The idea of second-order co-occurrence vectors was introduced by Schütze (1998) for word sense discrimination and has since then been extended and applied to a variety of tasks Lemaire and Denhiere (2006); Islam and Inkpen (2006); Schulte im Walde (2010); Zhuang et al. (2018). The basic idea is to represent a word $w$ not by a vector of the counts of context words it directly co-occurs with, but instead by a count vector of the context words of the context words, i.e., the second-order context words of $w$ . These second-order vectors are supposed to be less sparse and more robust than first-order vectors (Schütze, 1998). Moreover, capturing second-order co-occurrence information can be seen as a way of generalization. To see this, cf. examples (1) and (1) inspired by Schütze and Pedersen (1993). {examples}

As far as the Soviet Communist Party and the Comintern were concerned …

…this is precisely the approach taken by the British Government.
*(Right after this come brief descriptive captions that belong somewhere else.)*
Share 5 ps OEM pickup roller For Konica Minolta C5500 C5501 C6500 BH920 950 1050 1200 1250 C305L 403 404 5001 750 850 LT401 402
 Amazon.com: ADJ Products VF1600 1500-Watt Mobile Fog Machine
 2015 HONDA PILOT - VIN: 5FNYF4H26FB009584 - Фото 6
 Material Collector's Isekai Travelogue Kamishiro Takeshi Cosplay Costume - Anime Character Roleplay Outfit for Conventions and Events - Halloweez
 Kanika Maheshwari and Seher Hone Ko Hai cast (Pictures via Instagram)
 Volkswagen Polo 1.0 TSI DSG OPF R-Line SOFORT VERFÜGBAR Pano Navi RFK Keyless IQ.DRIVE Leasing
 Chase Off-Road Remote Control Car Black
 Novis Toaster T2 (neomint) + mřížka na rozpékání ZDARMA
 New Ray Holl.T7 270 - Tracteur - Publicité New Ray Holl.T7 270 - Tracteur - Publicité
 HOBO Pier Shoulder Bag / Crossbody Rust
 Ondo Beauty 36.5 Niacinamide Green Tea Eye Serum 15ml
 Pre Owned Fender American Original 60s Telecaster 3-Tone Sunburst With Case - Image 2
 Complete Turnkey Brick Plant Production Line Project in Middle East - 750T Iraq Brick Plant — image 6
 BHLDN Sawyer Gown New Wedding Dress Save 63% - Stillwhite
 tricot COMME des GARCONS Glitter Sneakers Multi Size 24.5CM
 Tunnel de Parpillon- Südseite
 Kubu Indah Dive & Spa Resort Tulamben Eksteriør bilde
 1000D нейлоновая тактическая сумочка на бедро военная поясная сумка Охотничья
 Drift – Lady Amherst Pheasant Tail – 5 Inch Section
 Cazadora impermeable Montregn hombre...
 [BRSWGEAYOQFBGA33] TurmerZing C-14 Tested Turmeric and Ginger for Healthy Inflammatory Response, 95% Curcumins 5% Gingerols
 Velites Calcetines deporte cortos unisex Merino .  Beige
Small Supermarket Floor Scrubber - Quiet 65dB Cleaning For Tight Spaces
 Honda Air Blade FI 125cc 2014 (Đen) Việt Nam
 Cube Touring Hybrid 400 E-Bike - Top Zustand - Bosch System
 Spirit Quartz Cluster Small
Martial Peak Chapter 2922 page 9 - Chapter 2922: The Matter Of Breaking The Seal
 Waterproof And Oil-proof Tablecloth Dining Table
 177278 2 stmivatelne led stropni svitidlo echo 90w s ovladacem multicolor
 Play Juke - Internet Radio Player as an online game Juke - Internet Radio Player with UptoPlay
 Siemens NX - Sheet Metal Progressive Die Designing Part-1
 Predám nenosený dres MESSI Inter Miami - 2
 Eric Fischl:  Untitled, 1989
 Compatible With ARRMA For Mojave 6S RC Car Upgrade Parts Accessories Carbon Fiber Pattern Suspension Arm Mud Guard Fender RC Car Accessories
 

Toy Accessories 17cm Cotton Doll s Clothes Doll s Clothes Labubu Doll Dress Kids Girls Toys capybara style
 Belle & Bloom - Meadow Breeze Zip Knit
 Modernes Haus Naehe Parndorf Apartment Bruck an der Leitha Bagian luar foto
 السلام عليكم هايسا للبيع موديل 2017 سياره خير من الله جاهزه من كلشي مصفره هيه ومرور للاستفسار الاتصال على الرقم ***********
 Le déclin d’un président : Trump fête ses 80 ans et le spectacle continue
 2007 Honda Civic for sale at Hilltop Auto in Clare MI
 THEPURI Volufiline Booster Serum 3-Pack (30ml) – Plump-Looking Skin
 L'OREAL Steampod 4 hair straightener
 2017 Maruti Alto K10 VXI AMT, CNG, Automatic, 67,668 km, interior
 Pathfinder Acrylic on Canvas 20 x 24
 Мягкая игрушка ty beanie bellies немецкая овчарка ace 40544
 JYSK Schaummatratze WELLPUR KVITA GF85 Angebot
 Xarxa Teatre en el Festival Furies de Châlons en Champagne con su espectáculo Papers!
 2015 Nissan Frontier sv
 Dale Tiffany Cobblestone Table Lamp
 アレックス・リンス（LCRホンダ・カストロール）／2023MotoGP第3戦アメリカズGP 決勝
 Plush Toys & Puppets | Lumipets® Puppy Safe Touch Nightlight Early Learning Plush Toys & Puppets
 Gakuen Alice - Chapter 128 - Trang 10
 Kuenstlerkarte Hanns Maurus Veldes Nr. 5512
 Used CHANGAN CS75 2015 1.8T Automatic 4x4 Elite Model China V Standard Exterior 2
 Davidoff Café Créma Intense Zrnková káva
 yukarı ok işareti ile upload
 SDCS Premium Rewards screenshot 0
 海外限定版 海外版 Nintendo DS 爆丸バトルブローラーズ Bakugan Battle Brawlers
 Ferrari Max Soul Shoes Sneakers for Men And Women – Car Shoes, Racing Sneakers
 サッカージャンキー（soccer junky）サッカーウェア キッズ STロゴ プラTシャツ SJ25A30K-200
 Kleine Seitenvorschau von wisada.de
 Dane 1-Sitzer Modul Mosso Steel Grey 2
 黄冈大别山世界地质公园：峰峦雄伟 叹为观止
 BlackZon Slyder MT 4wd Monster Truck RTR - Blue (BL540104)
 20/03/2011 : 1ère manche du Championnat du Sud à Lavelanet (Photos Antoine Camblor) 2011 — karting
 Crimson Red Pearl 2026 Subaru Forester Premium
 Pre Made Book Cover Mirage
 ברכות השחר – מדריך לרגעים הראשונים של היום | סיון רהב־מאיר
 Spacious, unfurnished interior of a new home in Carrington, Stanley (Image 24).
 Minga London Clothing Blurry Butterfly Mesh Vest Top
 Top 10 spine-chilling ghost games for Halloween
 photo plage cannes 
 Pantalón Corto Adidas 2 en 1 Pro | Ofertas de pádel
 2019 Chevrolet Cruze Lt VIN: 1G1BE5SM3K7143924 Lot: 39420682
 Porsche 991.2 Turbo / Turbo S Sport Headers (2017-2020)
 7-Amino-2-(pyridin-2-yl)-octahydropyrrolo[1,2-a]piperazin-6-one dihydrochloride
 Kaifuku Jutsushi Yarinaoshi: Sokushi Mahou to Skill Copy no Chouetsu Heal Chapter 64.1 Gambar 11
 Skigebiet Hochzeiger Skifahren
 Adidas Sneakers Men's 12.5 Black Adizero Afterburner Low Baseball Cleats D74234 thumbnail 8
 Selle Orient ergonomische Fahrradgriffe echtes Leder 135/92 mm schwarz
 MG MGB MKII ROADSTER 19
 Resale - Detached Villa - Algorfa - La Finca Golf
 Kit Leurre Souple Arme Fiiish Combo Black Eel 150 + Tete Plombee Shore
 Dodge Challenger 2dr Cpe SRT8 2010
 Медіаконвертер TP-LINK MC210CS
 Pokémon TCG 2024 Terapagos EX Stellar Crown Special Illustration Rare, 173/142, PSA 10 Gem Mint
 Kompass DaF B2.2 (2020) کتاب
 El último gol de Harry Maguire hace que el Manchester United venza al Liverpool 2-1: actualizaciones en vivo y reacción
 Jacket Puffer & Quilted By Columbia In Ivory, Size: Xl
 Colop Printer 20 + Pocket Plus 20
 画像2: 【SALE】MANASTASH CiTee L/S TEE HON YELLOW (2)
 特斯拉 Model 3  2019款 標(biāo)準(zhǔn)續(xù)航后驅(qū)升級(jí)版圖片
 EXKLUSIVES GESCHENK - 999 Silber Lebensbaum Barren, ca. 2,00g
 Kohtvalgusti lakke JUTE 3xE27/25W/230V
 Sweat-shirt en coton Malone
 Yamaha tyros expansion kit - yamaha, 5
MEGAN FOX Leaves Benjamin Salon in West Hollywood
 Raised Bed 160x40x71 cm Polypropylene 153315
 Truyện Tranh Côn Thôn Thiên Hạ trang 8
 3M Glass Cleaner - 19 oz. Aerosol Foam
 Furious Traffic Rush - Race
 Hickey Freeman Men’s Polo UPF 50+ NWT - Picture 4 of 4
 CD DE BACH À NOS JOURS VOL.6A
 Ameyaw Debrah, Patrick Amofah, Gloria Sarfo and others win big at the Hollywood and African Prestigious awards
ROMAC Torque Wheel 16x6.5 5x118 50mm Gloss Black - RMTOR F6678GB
The nouns Party and Government have similar meanings in these contexts, although they have little contextual overlap: A frequent topic in the British corpus used by Schütze and Pedersen is the Communist Party of the Soviet Union, but governments are rarely qualified as communist in the corpus. Hence, there is little overlap in first-order context words of Party and Government. However, their context words Communist and British in turn have a greater overlap, because they are frequently used to qualify the same nouns from the political domain, as in Communist authorities and British authorities. Hence, although Party and Government may have no first-order context overlap, they do have second-order context overlap. According to Schütze and Pedersen, capturing this information corresponds to the generalization “occurring with a political adjective.”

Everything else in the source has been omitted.